§ Activity: Look in the material below for the line with "Item preview, Sicily" and the line with "repenning notero tu día", then set down exactly those two lines and all lines between, nothing more.

§ Data:
--- --- ---
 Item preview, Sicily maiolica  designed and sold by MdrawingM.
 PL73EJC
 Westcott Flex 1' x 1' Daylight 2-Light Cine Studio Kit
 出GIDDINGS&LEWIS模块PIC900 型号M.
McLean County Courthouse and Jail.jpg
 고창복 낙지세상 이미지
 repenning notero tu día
--- --- ---
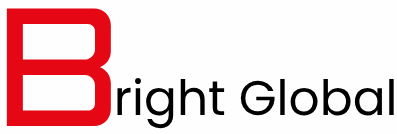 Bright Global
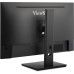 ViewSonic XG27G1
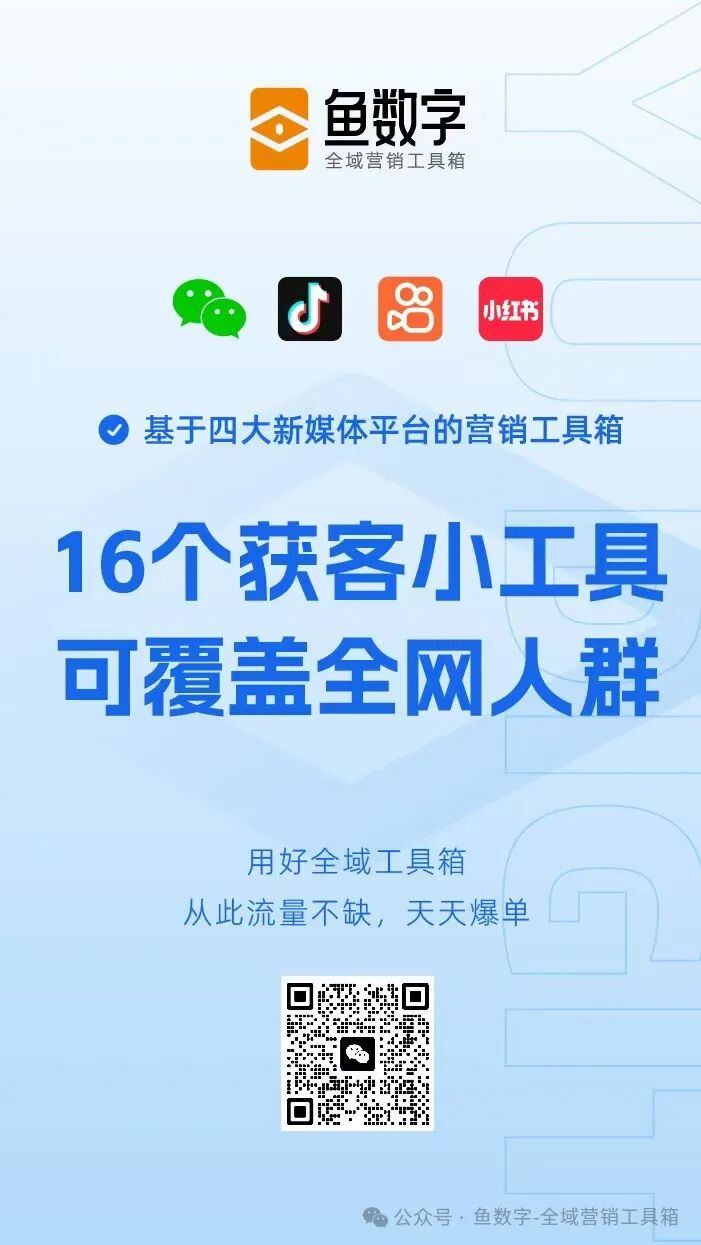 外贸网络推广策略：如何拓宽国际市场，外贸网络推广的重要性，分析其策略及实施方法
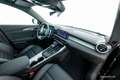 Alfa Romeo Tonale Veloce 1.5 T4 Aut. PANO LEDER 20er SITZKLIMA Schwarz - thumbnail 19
--- --- ---
§ Output below:
 Item preview, Sicily maiolica  designed and sold by MdrawingM.
 PL73EJC
 Westcott Flex 1' x 1' Daylight 2-Light Cine Studio Kit
 出GIDDINGS&LEWIS模块PIC900 型号M.
McLean County Courthouse and Jail.jpg
 고창복 낙지세상 이미지
 repenning notero tu día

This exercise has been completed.